Global equities continued to rise from the risk-on mood prevailing the markets since Tuesday as European and US stock markets closed up sharply for a second day. In Asia, the Nikkei 225 index added another 3.2% today as the yen slid further versus the US dollar.
The greenback made modest gains in Thursday’s Asian trading to climb to 109.42 yen, following a 0.7% jump yesterday against the Japanese currency. Meanwhile, the Bank of Japan’s governor, Haruhiko Kuroda, repeated on Wednesday the bank’s readiness to ease again if inflation expectations showed signs of weakening, and that the adoption of negative rates did not mean it was shifting its policy focus away from asset purchases.

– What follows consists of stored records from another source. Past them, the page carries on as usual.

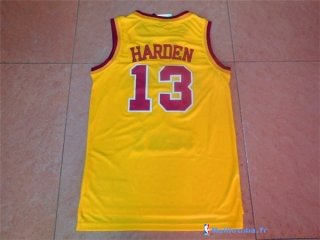 Maillot NCAA Pas Cher Arizona James Harden 13 Jaune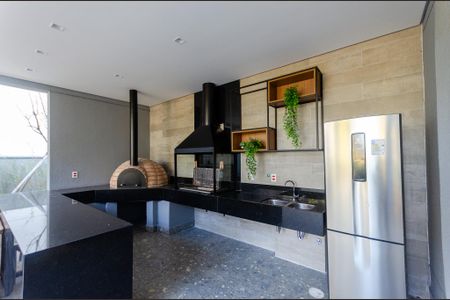 Apartamento à venda com 106m², 3 quartos e 2 vagas Apartamento à venda com 106m², 3 quartos e 2 vagasÁrea comum - Churrasqueira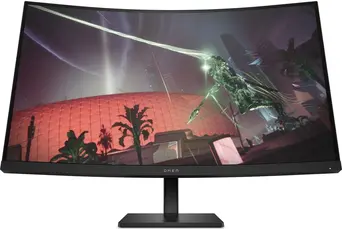HP Omen 32c, zwei Jahre Garantie, 31.5"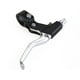 thumbnail image 3 of Bicycle Brake Handle Brake Lever Universal Aluminum Alloy Mountain Road Bike Brake Leverblack Sliver Color1pair, 3 of 5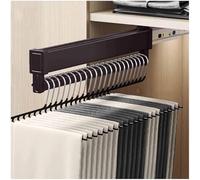 XINFAPAI 410mm, Tringles De Garde-Robe, Rail À Linge Extensible, Cintres Polyvalents Antidérapants,Tige Télescopique De Garde-Robe Réglable, Porte-Linge, Chargeable 25Kg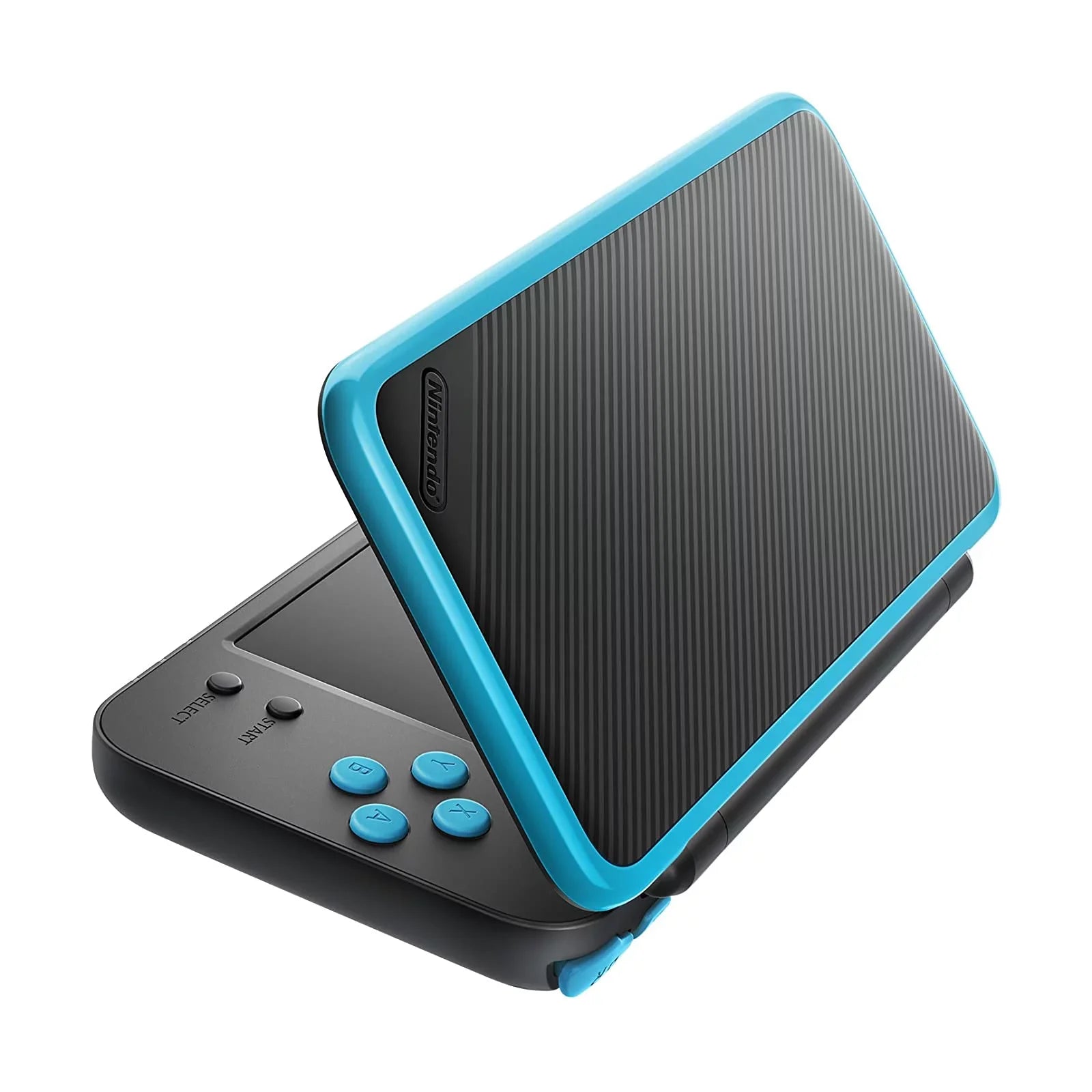 Restored Nintendo New Model 2DS XL Black Turquoise (Refurbished)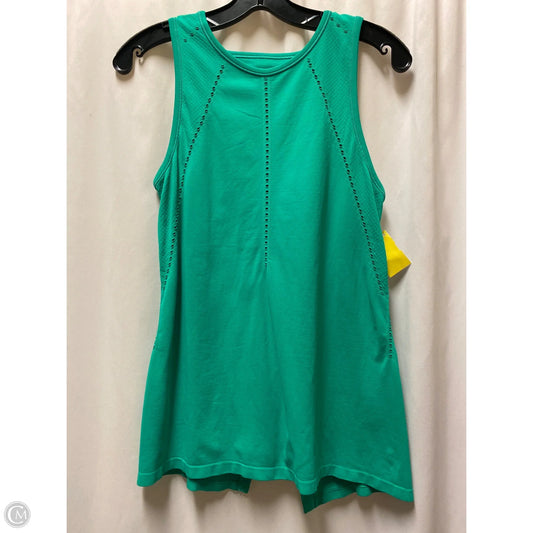 Athletic Tank Top By Athleta In Green, Size: Xs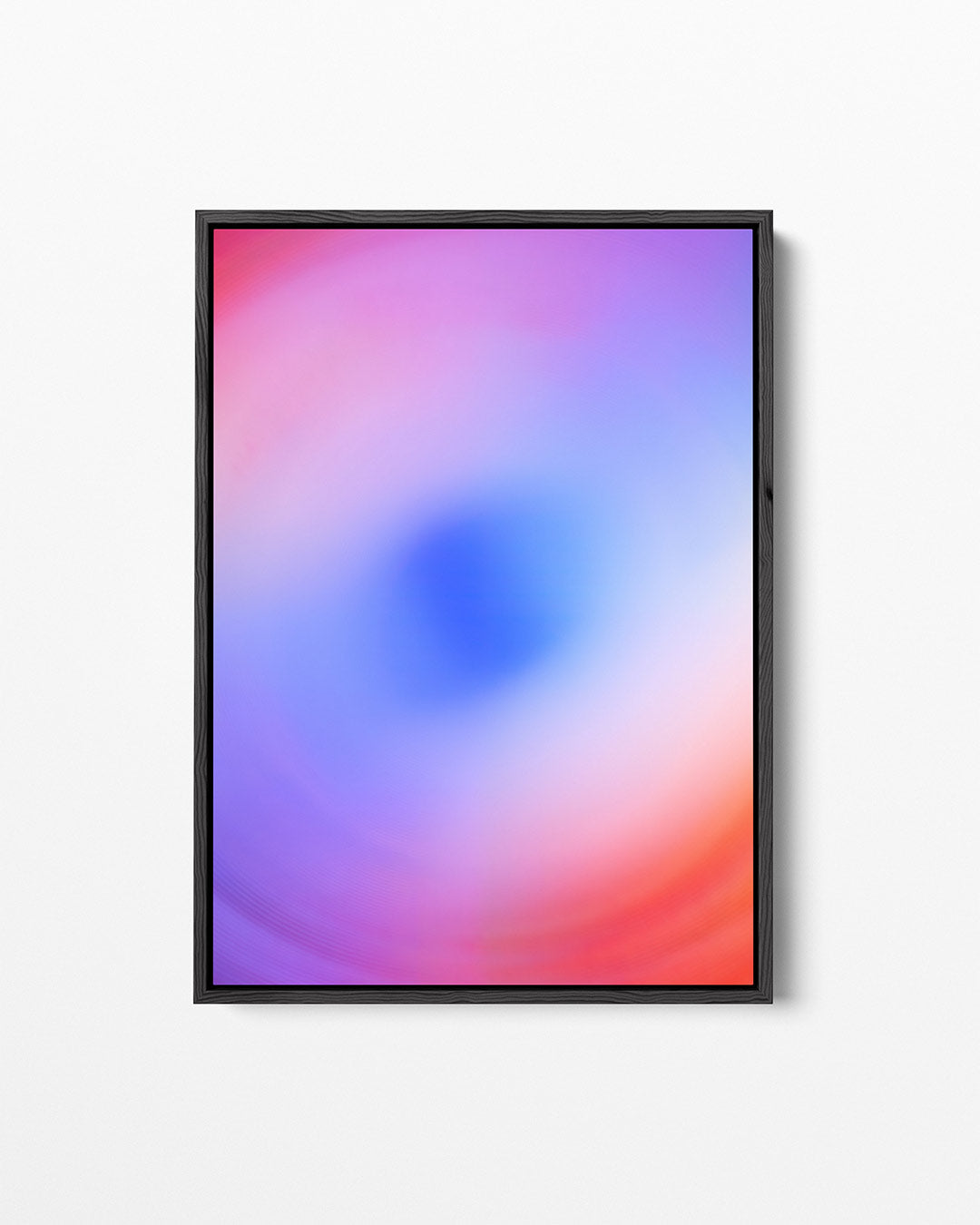 Kleurrijke vortex Kunstwerk
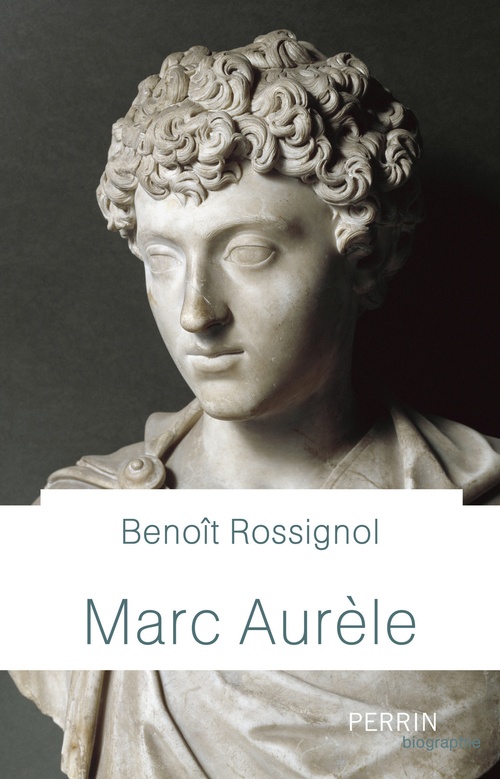 Couverture ebook de Marc Aurèle, de Benoît Rossignol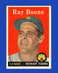 1958 Topps Set-Break #185 Ray Boone EX-EXMINT *GMCARDS*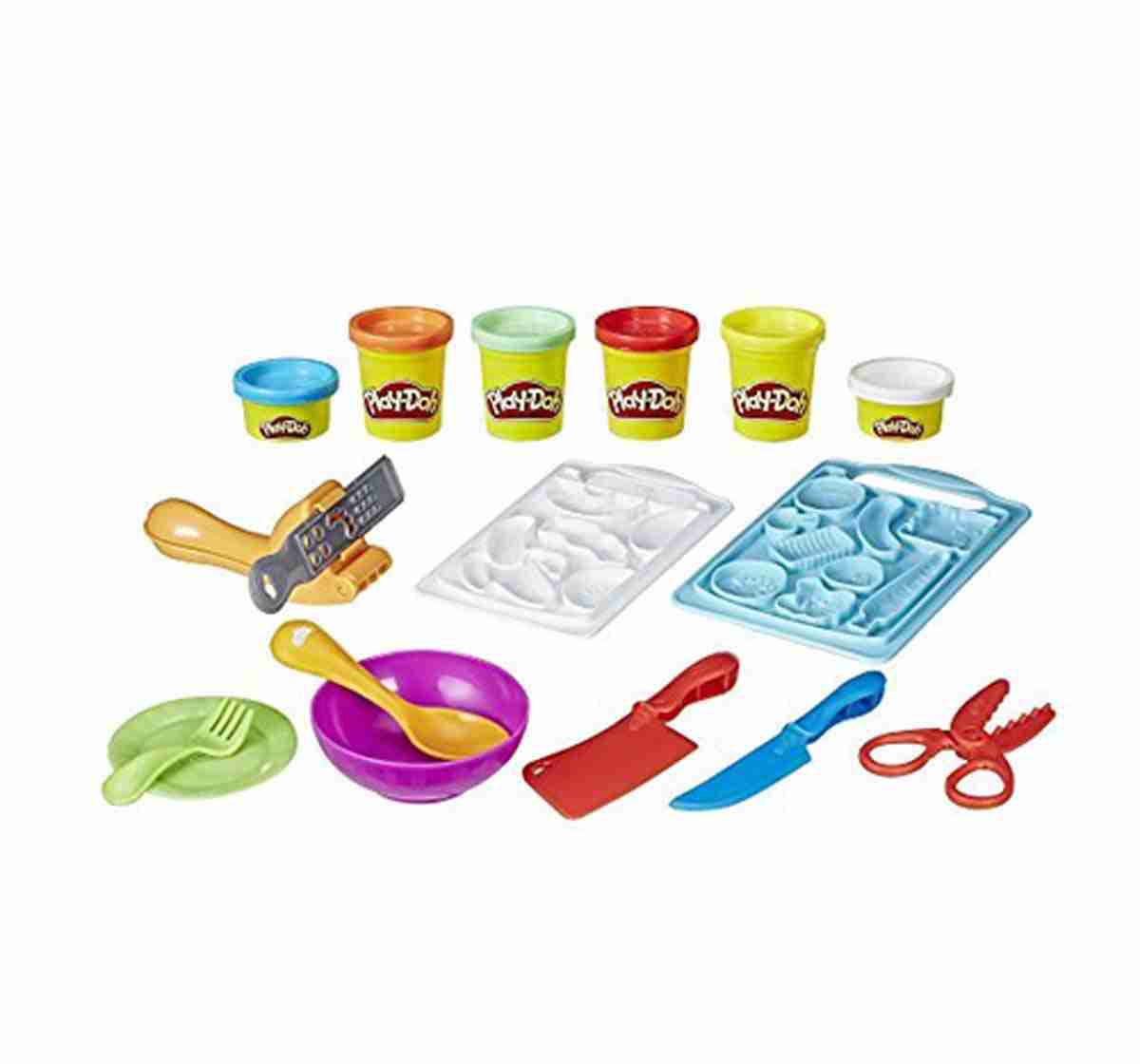 Play Doh Kitchen Creations Shape n Slice Clay Dough for Kids age 3Y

The Australian and New Zealand dollars were weaker on Thursday on a combination of dollar strength and lower crude oil prices. The Aussie had dropped to 0.7618 versus the greenback before receiving a lift from better-than-expected unemployment data. The jobless rate in Australia fell unexpectedly from 5.8% to 5.7% in March, confounding expectations of a rise to 5.9%. This was the lowest rate in since September 2013. The Aussie rebounded slightly to around 0.7650 after the data.
The New Zealand dollar, however, extended yesterday’s losses to fall sharply in today’s Asian trading. The kiwi was weighed down by disappointing manufacturing PMI as well as a surprise decision by Singapore’s central bank to ease monetary policy, which was seen as a sign of weak global trade. The kiwi fell over 1% to 0.6833 versus the US dollar in late Asian trading.
The euro and the pound also extended their losses against the greenback on Thursday, as the single currency slipped to 1.1255 dollars, while sterling fell to 1.4115 dollars.
In commodities, crude oil prices came under pressure following a Reuters report that a Russian oil minister was quoted as saying that Sunday’s meeting between major oil producers is likely to produce only a loose agreement. US oil futures fell below $41 and were last trading at $40.86 a barrel.
The decline in oil prices lifted the US dollar back towards 1.29 versus the Canadian dollar, but found resistance just below the level as the loonie was being supported by an upward revision to GDP growth forecasts for 2016 by the Bank of Canada yesterday.
Looking ahead to the rest of the day, Eurozone and US inflation figures will be watched, along with the Bank of England’s latest monetary policy decision. Also to attract attention today will be speeches by the Fed’s Powell and Lockhart later in the US session.